6.   Skinner did not testify.   Both Cole and Hauck testified that they were afraid of Skinner and that in addition to being large, strong, violent, and manipulative, Skinner was believed to possess certain mental “powers” to control other people.   Hauck was reluctant to claim that he thought Skinner had actual “mind control” over him, but Hauck did testify that for some reason he did as he was told regarding Green, without thinking for himself, and that he “was afraid the next needle would be mine.”   Even Green testified that he believed Skinner had the power to make people in his presence feel like they were “tripping” on psychedelic drugs, without having taken any such drugs, and that he and Cole had both experienced this phenomenon in Skinner's presence.   Skinner told the people around him that he was “a government agent,” and his friends knew that he had a history of working with federal DEA agents.

7.   Hauck also admitted that early on in the ordeal, he helped Skinner bind Green with duct tape, after being told that Green (who was unconscious) had had a “bad trip” the previous night and had gotten violent and destructive.   Hauck testified that Skinner later warned him that he could never claim that he was not “involved,” since Hauck had participated in binding Green.

8.   Cole likewise testified that Green's reaction to the wafers provided by Skinner was very unusual and unexpected.   Cole testified that she had an extensive history with and knowledge of psychedelic drugs, based upon actually trying 20 or 30 different kinds herself, learning about them from Skinner and observing people at his drug parties, reading numerous books about them, and even publishing her own book, entitled “Lysergic” (as in lysergic acid or “LSD”).

9.   Hauck testified that Skinner said, “I'm getting even.   I don't let anybody sleep with my wife.”

10.   Skinner bragged at the time that the genitalia injections he was giving Green would cause his genitals “to shrivel up and fall off” and that other substances he was injecting Green with would “erase his memory” about what had happened.   Cole testified that it was “normal for [Skinner] to give people stuff if he wanted to knock them out.”   Cole also testified that she was aware of a number of the substances that Skinner injected into Green, including the downers Valium and Klonopin.   She also testified that Skinner put a green liquid substance into Green's mouth while he was knocked out, which got on Green's face.   Cole noted that when she got a drop of this substance on her arm, it caused her arm to go numb and stay numb for 20 minutes or more, which really concerned her.   Skinner told her that the green liquid was “Salvinorin A or C.”

11.   Hauck testified that after lifting Green up off the bed this way, Skinner commented, “He's not going to ever feel anything.”

12.   Roberts noted that Green was wearing a shirt at that time and that the bottom half of his body was under the covers.
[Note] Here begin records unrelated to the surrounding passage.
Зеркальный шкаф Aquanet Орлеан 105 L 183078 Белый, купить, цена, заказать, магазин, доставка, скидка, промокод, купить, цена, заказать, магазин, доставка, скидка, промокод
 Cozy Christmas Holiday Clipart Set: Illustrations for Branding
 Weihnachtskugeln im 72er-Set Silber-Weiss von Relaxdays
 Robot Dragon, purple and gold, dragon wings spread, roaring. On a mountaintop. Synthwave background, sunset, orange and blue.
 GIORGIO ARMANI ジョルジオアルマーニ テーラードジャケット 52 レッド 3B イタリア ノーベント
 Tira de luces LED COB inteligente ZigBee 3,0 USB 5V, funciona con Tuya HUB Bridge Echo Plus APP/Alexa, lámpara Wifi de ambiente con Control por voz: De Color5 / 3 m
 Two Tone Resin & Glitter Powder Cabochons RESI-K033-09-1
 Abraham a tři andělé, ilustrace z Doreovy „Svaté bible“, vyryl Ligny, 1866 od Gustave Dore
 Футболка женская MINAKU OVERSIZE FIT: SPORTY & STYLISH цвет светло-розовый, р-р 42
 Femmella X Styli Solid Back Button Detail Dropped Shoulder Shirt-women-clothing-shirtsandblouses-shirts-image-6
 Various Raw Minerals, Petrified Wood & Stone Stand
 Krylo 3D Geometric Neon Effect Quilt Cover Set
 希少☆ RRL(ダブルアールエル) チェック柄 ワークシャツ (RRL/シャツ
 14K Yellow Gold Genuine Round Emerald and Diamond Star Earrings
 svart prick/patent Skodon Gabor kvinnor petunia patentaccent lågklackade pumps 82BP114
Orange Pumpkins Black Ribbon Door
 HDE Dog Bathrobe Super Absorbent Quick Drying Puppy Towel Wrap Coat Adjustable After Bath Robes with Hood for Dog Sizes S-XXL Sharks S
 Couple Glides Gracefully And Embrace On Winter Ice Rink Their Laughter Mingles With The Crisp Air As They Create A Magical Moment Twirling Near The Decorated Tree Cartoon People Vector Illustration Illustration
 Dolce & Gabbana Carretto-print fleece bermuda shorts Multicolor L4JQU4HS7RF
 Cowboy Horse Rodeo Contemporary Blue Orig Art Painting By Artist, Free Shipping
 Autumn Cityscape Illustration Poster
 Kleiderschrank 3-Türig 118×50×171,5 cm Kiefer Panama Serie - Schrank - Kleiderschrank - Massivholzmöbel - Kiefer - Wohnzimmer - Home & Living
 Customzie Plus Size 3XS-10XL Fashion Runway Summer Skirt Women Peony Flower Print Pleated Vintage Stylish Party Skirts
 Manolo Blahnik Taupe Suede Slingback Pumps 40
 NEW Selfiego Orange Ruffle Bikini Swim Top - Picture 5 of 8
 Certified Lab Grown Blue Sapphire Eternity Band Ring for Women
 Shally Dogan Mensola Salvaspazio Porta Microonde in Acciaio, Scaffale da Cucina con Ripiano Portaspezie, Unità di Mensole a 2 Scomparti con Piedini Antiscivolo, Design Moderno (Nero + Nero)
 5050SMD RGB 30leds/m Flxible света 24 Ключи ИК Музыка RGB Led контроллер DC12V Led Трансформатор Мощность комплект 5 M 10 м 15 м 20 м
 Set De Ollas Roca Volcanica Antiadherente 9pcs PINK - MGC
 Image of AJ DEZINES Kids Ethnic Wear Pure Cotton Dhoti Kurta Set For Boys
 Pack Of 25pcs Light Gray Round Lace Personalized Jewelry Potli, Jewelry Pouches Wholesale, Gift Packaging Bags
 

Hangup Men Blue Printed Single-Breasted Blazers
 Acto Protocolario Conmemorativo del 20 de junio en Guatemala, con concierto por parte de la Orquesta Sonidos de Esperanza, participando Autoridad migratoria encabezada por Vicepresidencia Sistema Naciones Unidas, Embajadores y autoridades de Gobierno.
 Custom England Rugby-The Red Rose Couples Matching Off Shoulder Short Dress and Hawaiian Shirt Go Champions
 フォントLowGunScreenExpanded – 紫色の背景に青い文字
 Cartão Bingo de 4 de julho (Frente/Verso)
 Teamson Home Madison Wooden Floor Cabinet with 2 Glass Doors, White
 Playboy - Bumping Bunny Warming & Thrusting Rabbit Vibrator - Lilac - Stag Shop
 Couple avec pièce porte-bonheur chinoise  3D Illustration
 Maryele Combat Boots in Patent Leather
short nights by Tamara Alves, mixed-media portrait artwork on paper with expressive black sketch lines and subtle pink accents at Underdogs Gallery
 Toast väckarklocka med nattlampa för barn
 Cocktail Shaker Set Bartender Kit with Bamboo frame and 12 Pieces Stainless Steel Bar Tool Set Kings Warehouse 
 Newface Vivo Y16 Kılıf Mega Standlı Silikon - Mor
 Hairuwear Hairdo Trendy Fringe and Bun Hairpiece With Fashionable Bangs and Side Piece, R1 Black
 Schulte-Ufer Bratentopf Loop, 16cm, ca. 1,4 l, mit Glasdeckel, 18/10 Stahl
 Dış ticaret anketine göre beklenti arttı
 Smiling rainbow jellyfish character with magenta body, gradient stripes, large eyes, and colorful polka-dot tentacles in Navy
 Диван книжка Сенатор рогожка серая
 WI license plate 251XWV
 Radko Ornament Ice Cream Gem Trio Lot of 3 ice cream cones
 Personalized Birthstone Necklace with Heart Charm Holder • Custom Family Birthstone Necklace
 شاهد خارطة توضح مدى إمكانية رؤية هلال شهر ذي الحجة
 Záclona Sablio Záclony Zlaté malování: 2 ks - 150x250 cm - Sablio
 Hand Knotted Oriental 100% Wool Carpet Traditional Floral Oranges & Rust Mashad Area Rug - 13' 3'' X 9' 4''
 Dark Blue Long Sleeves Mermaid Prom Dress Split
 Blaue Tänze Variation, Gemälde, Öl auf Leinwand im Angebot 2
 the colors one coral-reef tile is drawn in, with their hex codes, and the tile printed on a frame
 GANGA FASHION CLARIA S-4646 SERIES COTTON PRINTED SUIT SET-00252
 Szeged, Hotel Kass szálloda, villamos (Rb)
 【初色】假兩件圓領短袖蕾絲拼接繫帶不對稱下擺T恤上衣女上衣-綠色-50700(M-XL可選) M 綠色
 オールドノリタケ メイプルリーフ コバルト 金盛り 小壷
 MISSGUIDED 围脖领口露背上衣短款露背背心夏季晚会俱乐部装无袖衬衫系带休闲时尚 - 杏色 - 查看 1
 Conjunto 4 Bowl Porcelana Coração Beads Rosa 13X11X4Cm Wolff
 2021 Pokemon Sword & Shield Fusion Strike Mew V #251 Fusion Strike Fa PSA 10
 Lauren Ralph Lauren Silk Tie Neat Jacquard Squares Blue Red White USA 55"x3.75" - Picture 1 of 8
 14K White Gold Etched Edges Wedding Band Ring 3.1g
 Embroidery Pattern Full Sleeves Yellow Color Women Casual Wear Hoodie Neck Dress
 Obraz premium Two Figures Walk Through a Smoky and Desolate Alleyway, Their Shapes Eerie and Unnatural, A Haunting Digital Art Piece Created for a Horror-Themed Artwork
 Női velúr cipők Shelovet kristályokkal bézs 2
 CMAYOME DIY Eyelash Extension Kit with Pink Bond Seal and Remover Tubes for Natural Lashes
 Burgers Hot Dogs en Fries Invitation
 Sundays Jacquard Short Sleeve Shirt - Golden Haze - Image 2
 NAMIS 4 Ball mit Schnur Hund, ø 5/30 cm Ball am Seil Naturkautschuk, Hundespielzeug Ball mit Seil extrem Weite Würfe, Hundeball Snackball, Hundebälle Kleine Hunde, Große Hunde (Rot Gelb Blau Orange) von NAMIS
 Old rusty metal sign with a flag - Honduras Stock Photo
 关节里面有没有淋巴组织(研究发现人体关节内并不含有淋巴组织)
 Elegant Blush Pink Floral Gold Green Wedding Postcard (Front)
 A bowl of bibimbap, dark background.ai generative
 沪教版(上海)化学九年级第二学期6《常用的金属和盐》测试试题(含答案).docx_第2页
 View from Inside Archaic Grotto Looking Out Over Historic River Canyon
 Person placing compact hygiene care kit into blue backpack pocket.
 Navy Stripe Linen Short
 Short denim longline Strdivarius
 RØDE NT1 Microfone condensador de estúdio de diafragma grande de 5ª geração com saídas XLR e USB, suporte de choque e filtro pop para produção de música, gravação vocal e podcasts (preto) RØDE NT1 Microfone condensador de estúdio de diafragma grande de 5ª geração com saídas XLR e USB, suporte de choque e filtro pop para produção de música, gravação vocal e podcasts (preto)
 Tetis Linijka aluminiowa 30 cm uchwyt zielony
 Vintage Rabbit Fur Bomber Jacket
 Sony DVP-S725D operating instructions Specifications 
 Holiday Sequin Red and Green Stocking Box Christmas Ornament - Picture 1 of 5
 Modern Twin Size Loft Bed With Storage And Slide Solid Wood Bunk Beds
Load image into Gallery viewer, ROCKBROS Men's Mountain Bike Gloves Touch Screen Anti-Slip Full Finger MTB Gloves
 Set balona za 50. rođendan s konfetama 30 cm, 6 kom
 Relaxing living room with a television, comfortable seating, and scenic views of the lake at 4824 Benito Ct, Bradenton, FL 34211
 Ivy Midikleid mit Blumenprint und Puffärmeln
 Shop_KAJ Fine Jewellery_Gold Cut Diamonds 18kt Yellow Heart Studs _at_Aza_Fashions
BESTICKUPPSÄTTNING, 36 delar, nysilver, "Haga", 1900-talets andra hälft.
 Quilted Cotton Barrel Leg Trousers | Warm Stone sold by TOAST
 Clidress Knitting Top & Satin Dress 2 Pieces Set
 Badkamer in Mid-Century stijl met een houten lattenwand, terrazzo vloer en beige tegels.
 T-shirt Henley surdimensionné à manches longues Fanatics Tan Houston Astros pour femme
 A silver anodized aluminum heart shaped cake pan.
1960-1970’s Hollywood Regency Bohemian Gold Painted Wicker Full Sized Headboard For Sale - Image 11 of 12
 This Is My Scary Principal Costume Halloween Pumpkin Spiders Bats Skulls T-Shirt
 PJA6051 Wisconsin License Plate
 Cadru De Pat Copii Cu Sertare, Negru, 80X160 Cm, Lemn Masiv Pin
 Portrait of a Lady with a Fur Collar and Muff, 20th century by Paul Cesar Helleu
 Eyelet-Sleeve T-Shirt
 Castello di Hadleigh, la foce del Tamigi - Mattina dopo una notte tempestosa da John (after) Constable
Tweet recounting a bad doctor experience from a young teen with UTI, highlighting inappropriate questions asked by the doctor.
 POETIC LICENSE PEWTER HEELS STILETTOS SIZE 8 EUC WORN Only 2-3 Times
13.   Roberts testified that Green suddenly started “freaking out” and that when she looked behind her, Skinner was standing there holding a steak knife.   Green seemed very afraid of Skinner, but allowed Roberts to use the knife to slowly cut off the duct tape.

14.   Roberts acknowledged that she could have called the police, but didn't, because she was afraid of bringing “negative attention” to the group.

15.   Hauck testified that Skinner was concerned because Green was talking to Roberts and getting more coherent;  so he asked Cole to get Roberts out of the room for a while.   While they were gone, Hauck saw Skinner give Green an injection in his buttocks that rendered him “almost catatonic.”

16.   Hauck testified that he had to take duct tape off Green's wrists and legs before they could move him, which had apparently been re-applied after Roberts removed it the previous day, and that Green was “out of it” at the time they moved him and left him in the new room.

17.   Hauck testified that Skinner “wanted to leave him down in South Texas, and he wanted him to look like he was homosexual, and [Skinner] said the good old boys of Texas wouldn't pursue it, just another homosexual.”

18.   Hauck testified that Cole was laughing and mocking Green as she shaved his eyebrows and that she seemed to be having “fun.”   Cole, on the other hand, testified that Skinner did all the shaving and that she feared Hauck, as well as Skinner, and that they both ordered her around.

19.   Cole testified that Epsom salt was placed on Green's genital area and that it was bleach that was then poured over him, causing horrible, irritating fumes to fill the room.

20.   Green had only foggy memories of most of his ordeal, but he did remember certain events, such as when Hauck hit him during the drive.   Nevertheless, at trial Green described Hauck as mostly a comforting, reassuring, and even “gentle and nonaggressive” presence, that Hauck gave him Gatorade, and that Hauck was only “mean” to him when Skinner was around.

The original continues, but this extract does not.